続いて、内田和成カンファレンス副委員長(早稲田大学商学学術院教授)による総合テーマの「マーケティング戦略のグローバル・トレンド」について解説が行われた。内田副委員長は、最近の日本企業の海外進出事例を紹介し、その事業展開方法を振り返りながら、日本企業が成長するためにどのようなマーケティングの役割があるのか問いかけた。
続く良品計画の松井忠三会長は、「無印良品のマーケティング戦略」と題する講演をおこなった。松井会長は同社が日本でV字回復を実現させた鍵となった「仕組み」とその重要性について紹介し、現在この「仕組み」をもとにグローバル展開を進めるためのマーケティング戦略について紹介した。
さらに、ボストン コンサルティング グループの市井茂樹シニア・パートナー&マネージング・ディレクターが「日本企業グローバル化のチャレンジ―先進国の常識を超えた戦略を―」のタイトルで講演をおこなった。
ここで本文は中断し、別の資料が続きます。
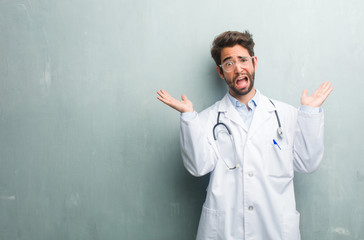 Young friendly doctor man against a grunge wall with a copy space crazy and desperate, screaming...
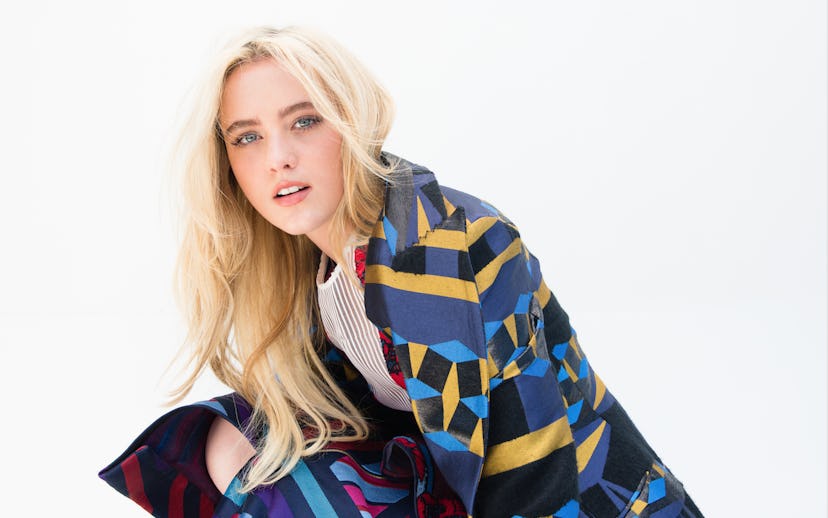 Kathryn Newton wearing a blue coat with colorful stripes 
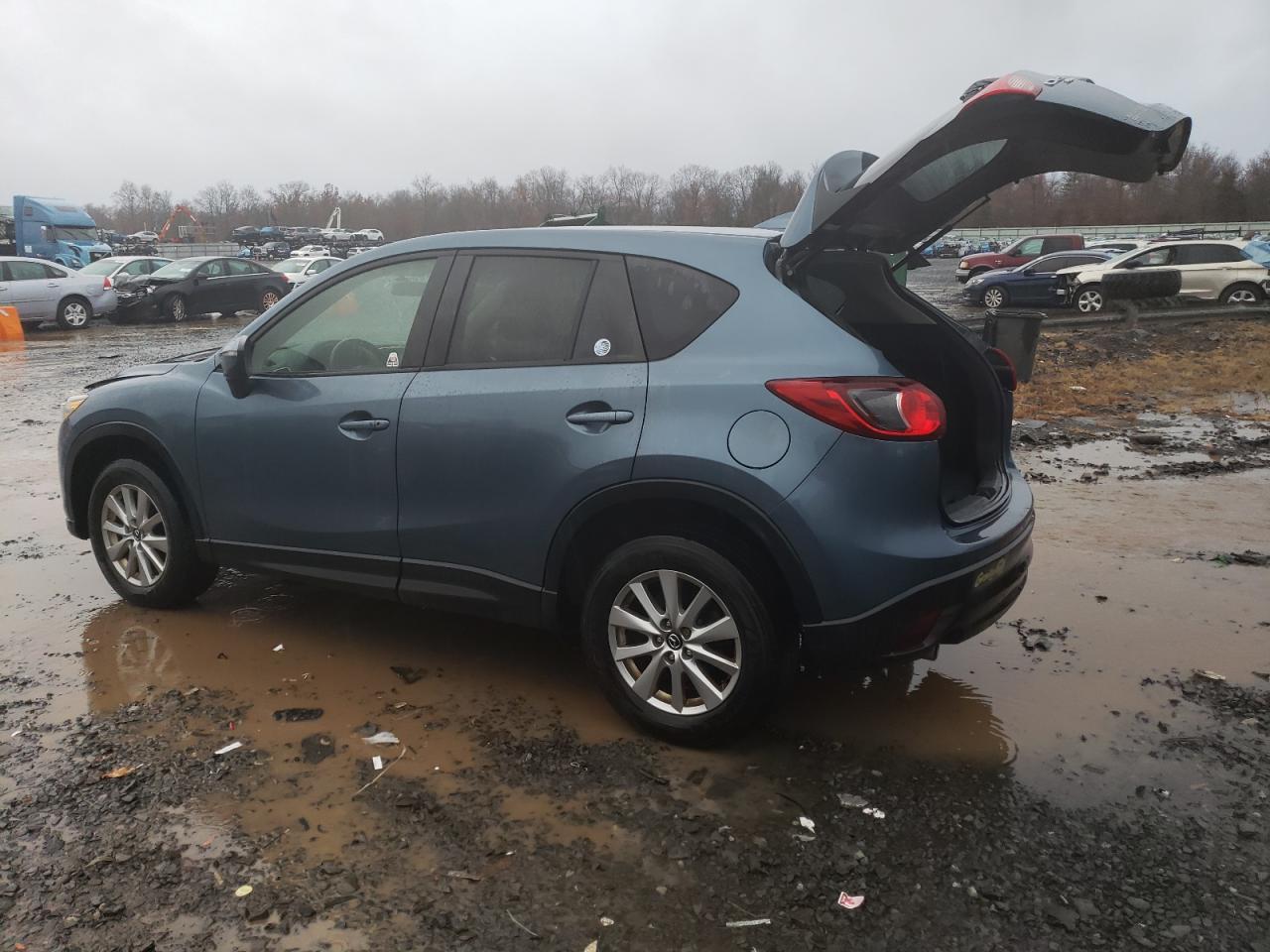 2016 Mazda CX-5 VIN JM3KE4CY4G0625666 Copart auction photo, side / front end damage thumbnail 2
世界の成長センターとなる新興国市場における経営戦略が日本企業の成長の鍵を握っていることを前提に、想像以上に難攻不落な新興国市場で日本企業がどうすれば成功できるか提言した。
その後の恩藏直人カンファレンス委員長(早稲田大学商学学術院教授)の進行によるパネルディスカッションでは、パネリストとして松井忠三・市井茂樹・内田和成の3氏が登壇し、グローバル時代の日本企業のマーケティング経営や人材育成の課題とマーケティングの可能性を議論しながら、それぞれの立場から処方箋を論じた。また会場からの質疑を交えて議論を深めた。
第3回マーケティングカンファレンスは2014年秋に東京都内の大学をメイン会場に開催される予定である。